WORK INSTRUCTIONS:
The answer must be an exact copy of the records, with every picture left out.

Scraped caption text data:
........
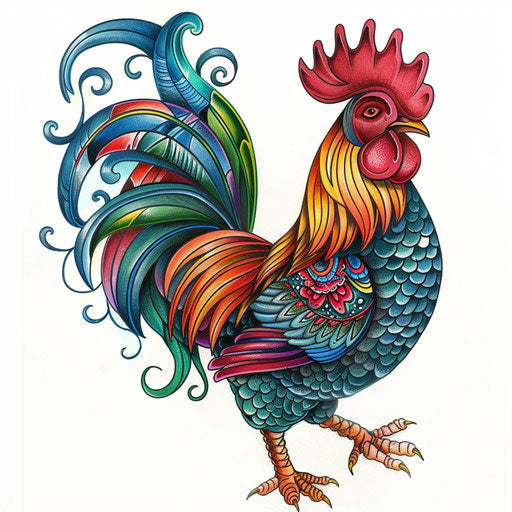 Cartoonish rooster tattoo artwork, colorful and playful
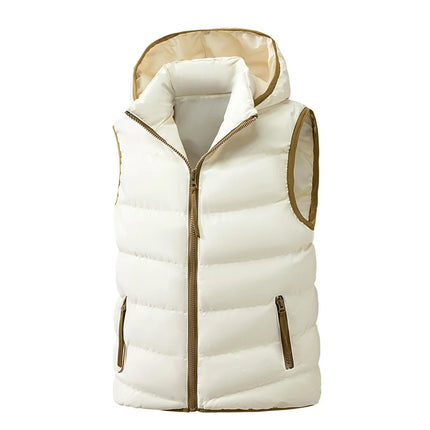 2026 Fall Winter New Men's Fashion Puffer Vest Sleeveless Warm Jacket Hooded Collar Casual Outdoor Waistcoat Plus Size L-5XL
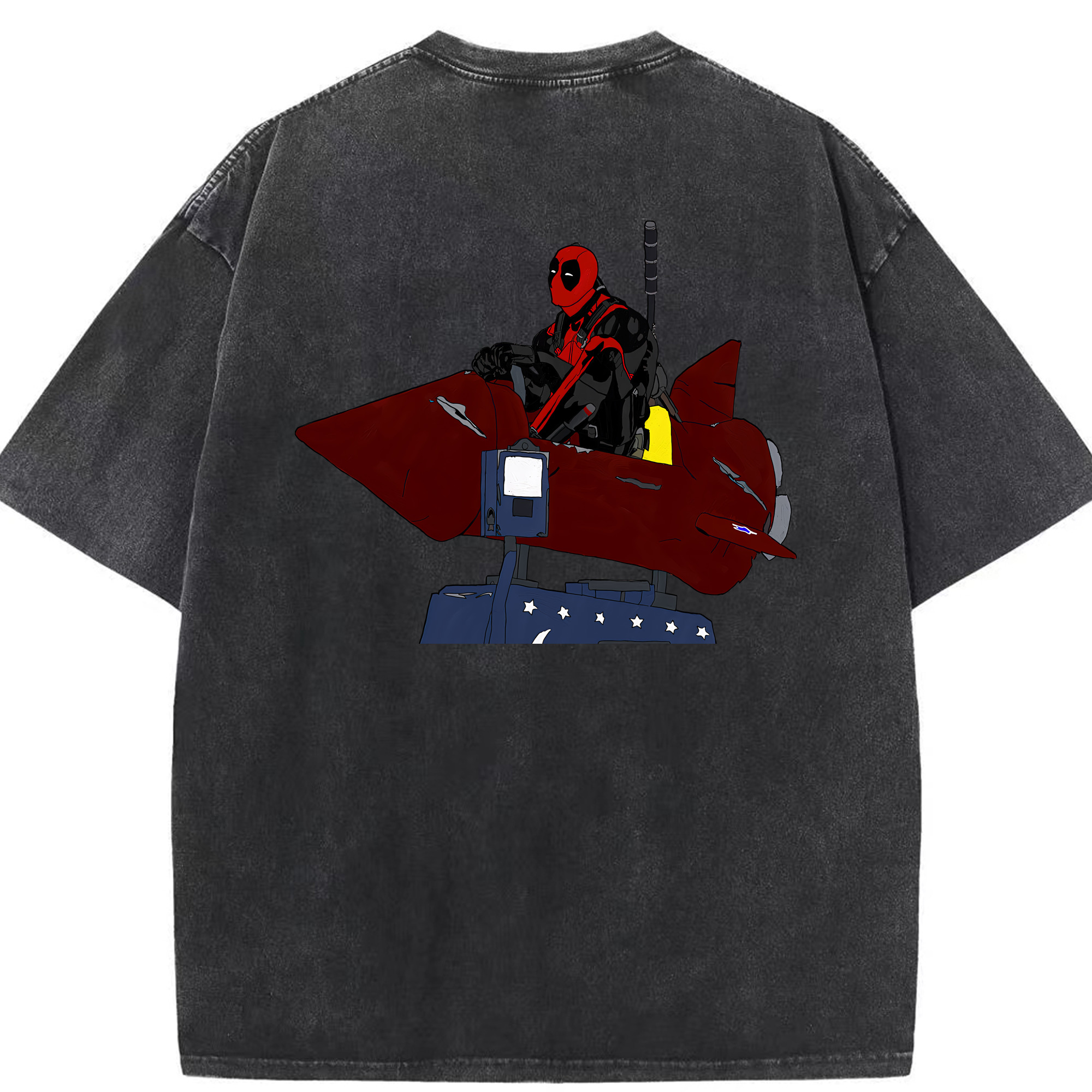 （画像用） Deadpool デッドプール 綿100% ヴィンテージ風 半袖Tシャツ（背面プリント）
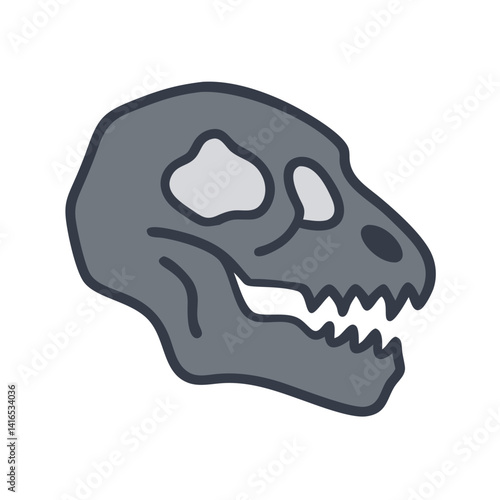 Human Skull Fossil Icon Representing Archaeological Discovery and Anthropology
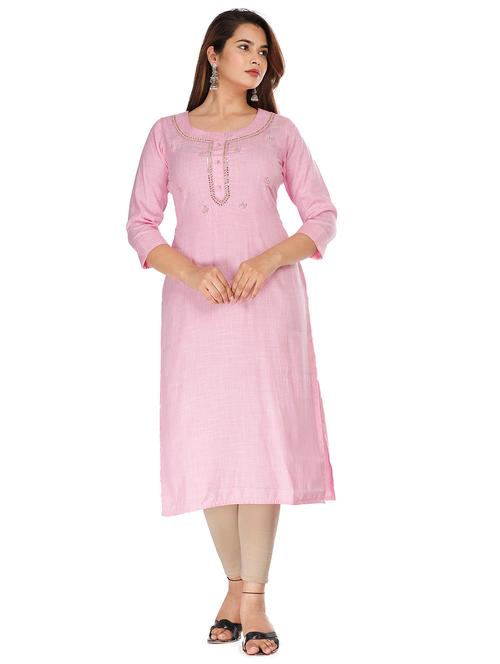 pink round neck embroidered straight kurta - 18254132 - Very Small Image - 1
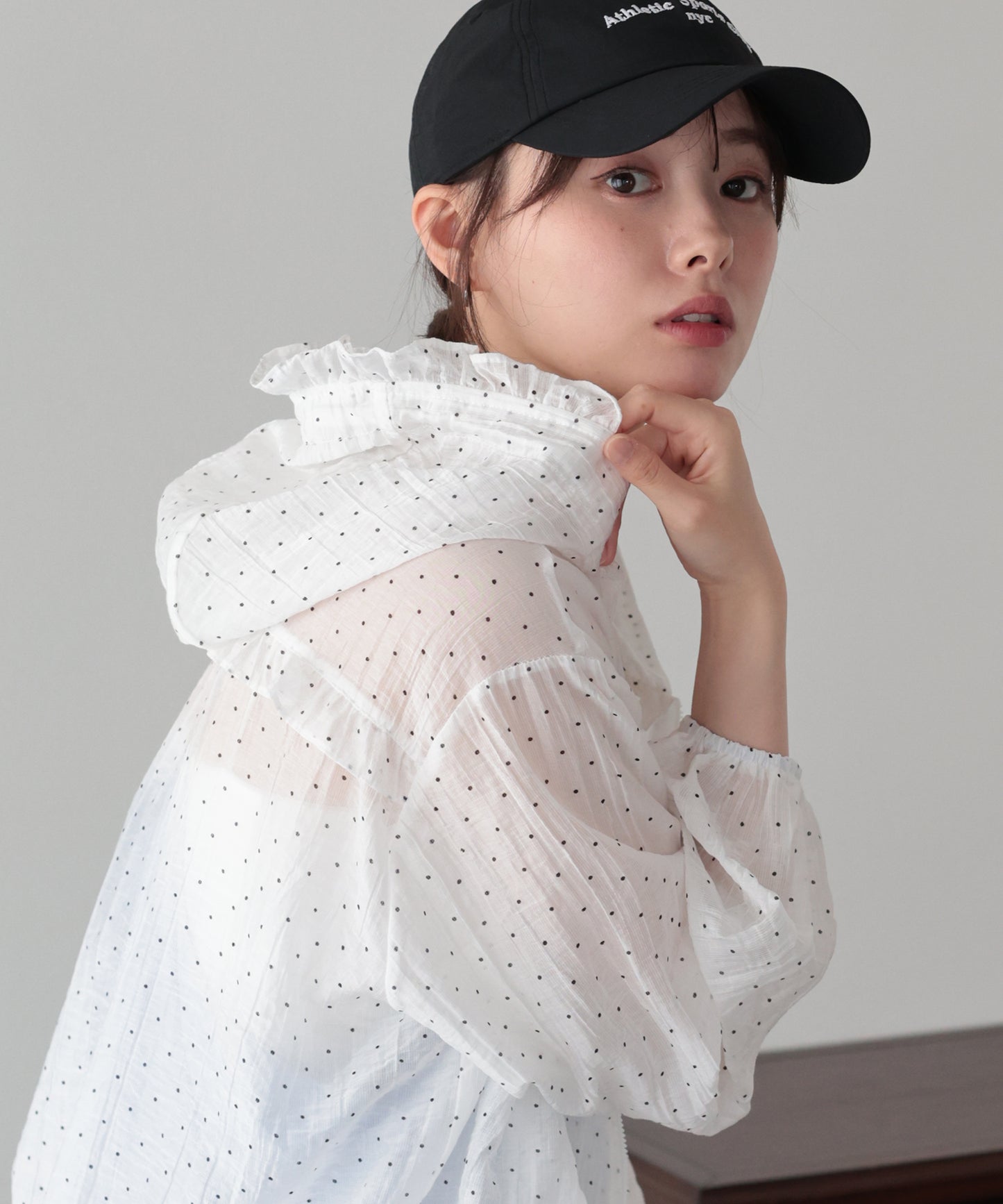【早割5％OFF】フード付きドットシアーシャツ【メール便】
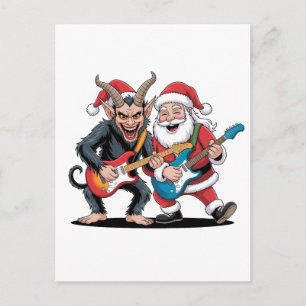 Cartes Pour Fêtes Annuelles Père Noël et Krampus Rock de Noël Evil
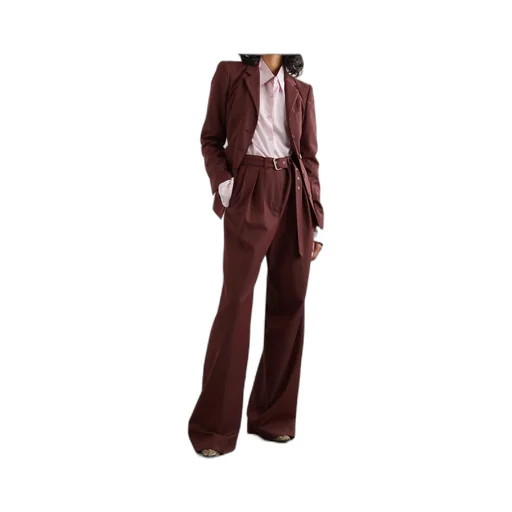 Pinstripe Wide-Leg Casual Pants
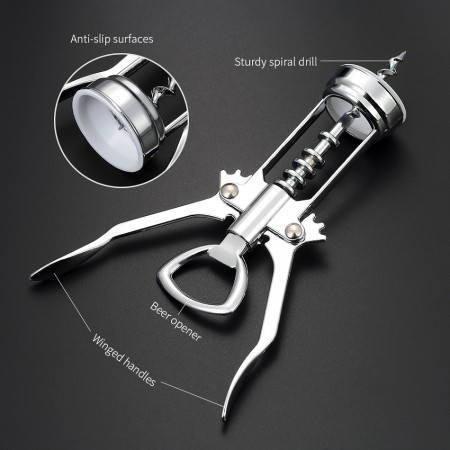 Meidong Wine Corkscrew Wing Opener Sturdy Zinc Alloy Durable Spiral Opener Corkwood Accessories Reusable Wine Bottle Stoppers Remove
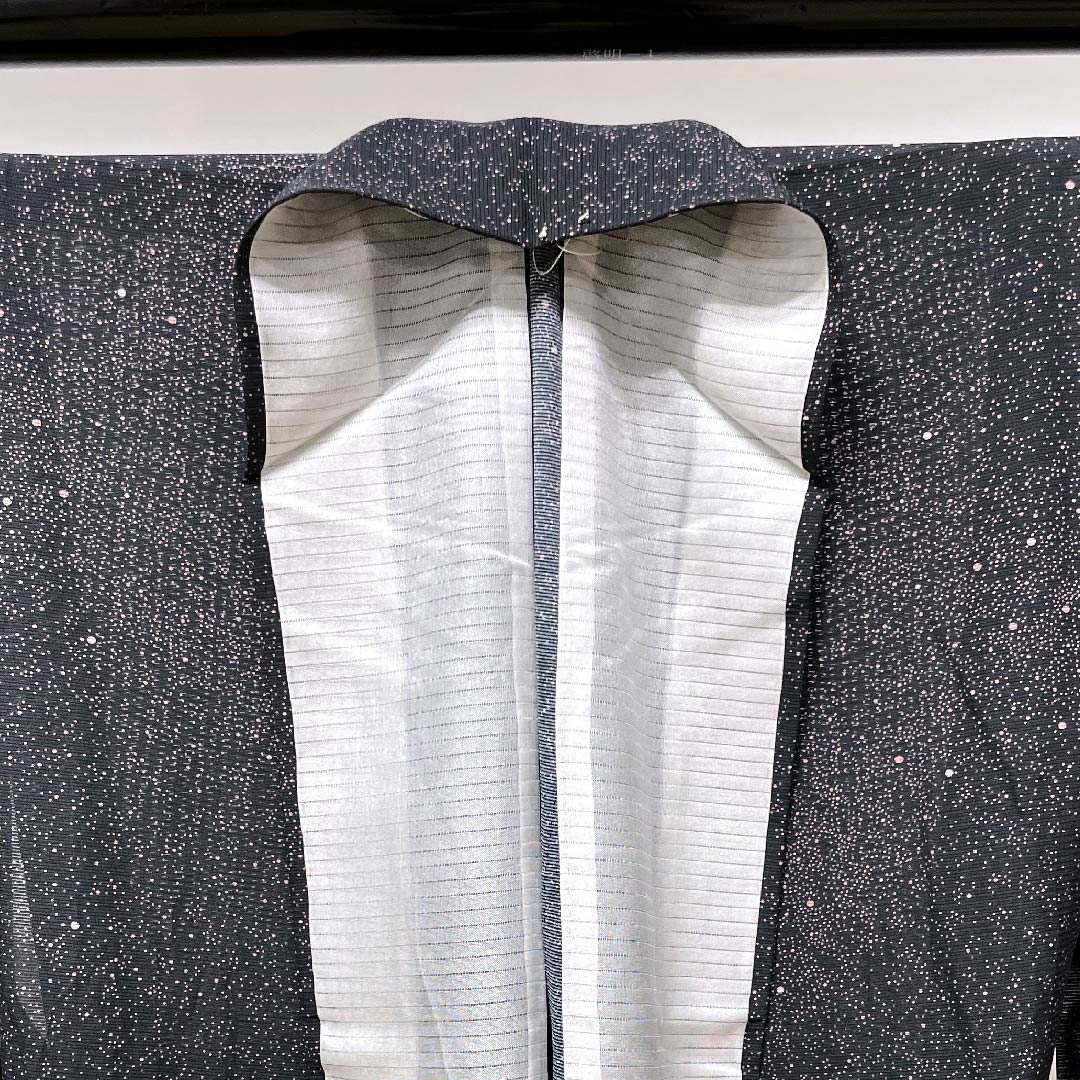 Summer pure silk komon length 163.5cm sleeve length 65cm black polka dot silk A rank black 1132000113410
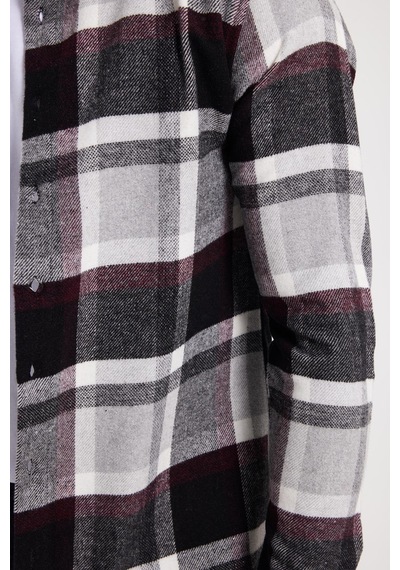 Tudors Erkek Slim Fit Dar Kesim Kareli Kışlık Oduncu Gömlek-42351 Gri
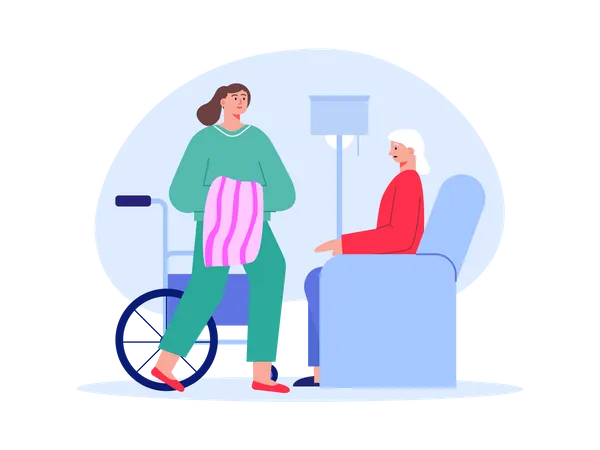 Female nurse helping handicapped woman  Illustration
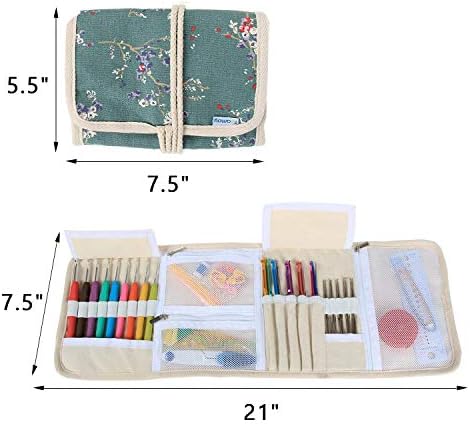 Teamoy Crochet Hook Case Organizer, Crochet Hook Roll Bag, Plum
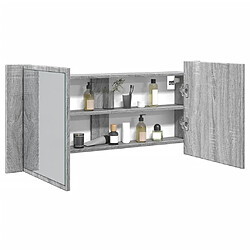 vidaXL Armoire à miroir à LED de bain gris sonoma 100x12x45 cm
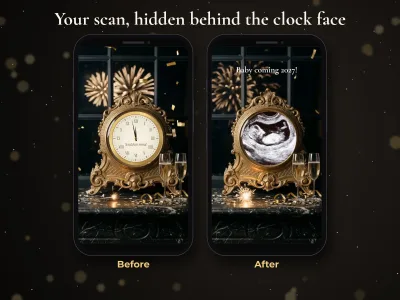 Before and after: gold clock face foil on the New Year card, then the ultrasound scan and Baby coming 2027 message revealed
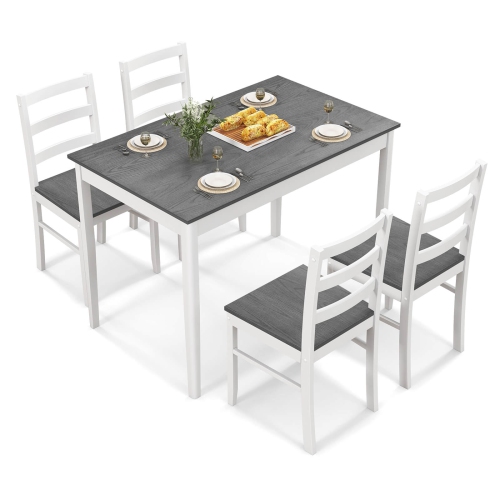 Costway 5-Piece Dining Set Solid Wood Kitchen Furniture with Rectangular Table & 4 Chairs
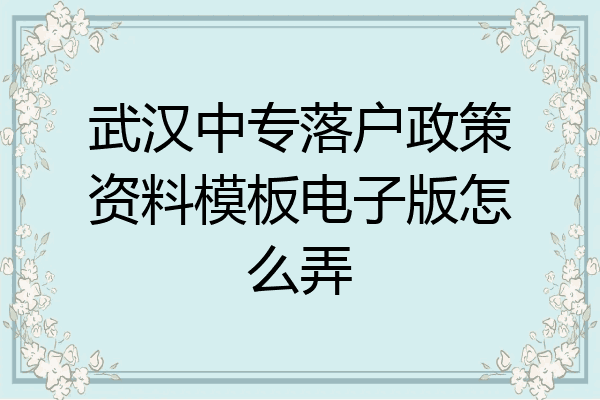 武汉中专落户政策资料模板电子版怎么弄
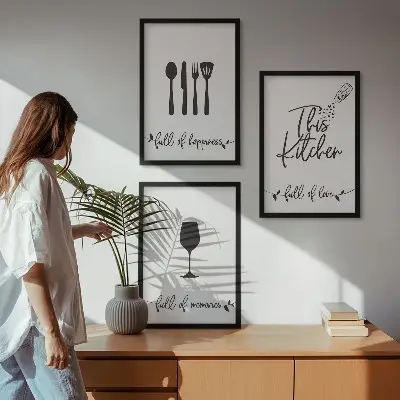 Virtuvės reikmenų raštai 3 paveikslų rinkinys su rėmais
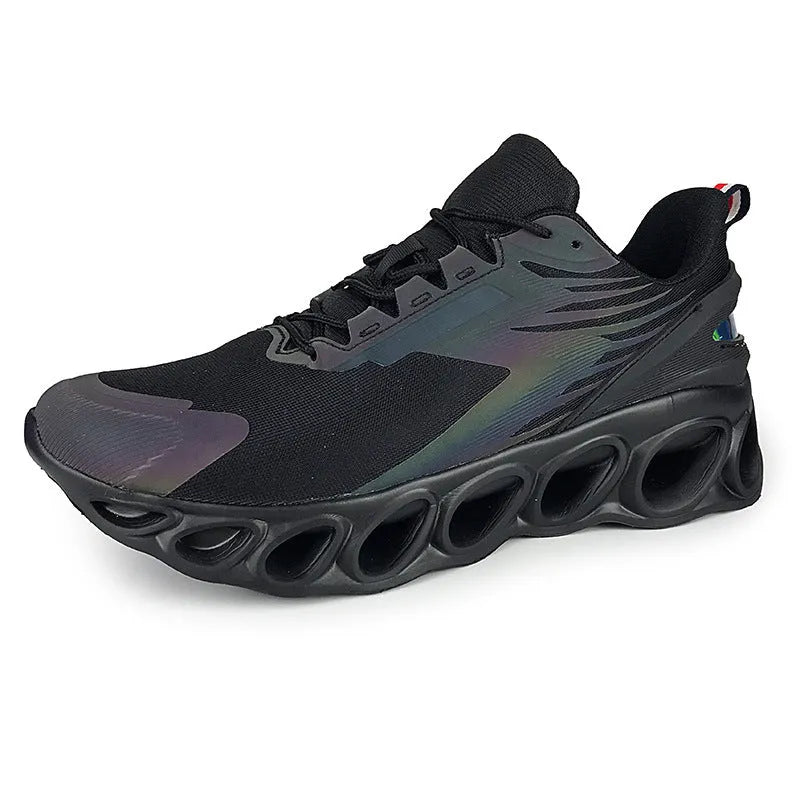 Low-top casual lace-up shoes in mesh material, shown in black, white, and dark blue colour options.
........
EXERCISE RESPONSE:
 Cartoonish rooster tattoo artwork, colorful and playful
 2026 Fall Winter New Men's Fashion Puffer Vest Sleeveless Warm Jacket Hooded Collar Casual Outdoor Waistcoat Plus Size L-5XL
 （画像用） Deadpool デッドプール 綿100% ヴィンテージ風 半袖Tシャツ（背面プリント）
 Human Skull Fossil Icon Representing Archaeological Discovery and Anthropology
 pink round neck embroidered straight kurta - 18254132 - Very Small Image - 1
【早割5％OFF】フード付きドットシアーシャツ【メール便】
 Cartes Pour Fêtes Annuelles Père Noël et Krampus Rock de Noël Evil
 Pinstripe Wide-Leg Casual Pants
 Meidong Wine Corkscrew Wing Opener Sturdy Zinc Alloy Durable Spiral Opener Corkwood Accessories Reusable Wine Bottle Stoppers Remove
 Summer pure silk komon length 163.5cm sleeve length 65cm black polka dot silk A rank black 1132000113410
 Tudors Erkek Slim Fit Dar Kesim Kareli Kışlık Oduncu Gömlek-42351 Gri
 Female nurse helping handicapped woman  Illustration
 Teamoy Crochet Hook Case Organizer, Crochet Hook Roll Bag, Plum
 vidaXL Armoire à miroir à LED de bain gris sonoma 100x12x45 cm
 Before and after: gold clock face foil on the New Year card, then the ultrasound scan and Baby coming 2027 message revealed
 Costway 5-Piece Dining Set Solid Wood Kitchen Furniture with Rectangular Table & 4 Chairs
 武汉中专落户政策资料模板电子版怎么弄
 Virtuvės reikmenų raštai 3 paveikslų rinkinys su rėmais
 Low-top casual lace-up shoes in mesh material, shown in black, white, and dark blue colour options.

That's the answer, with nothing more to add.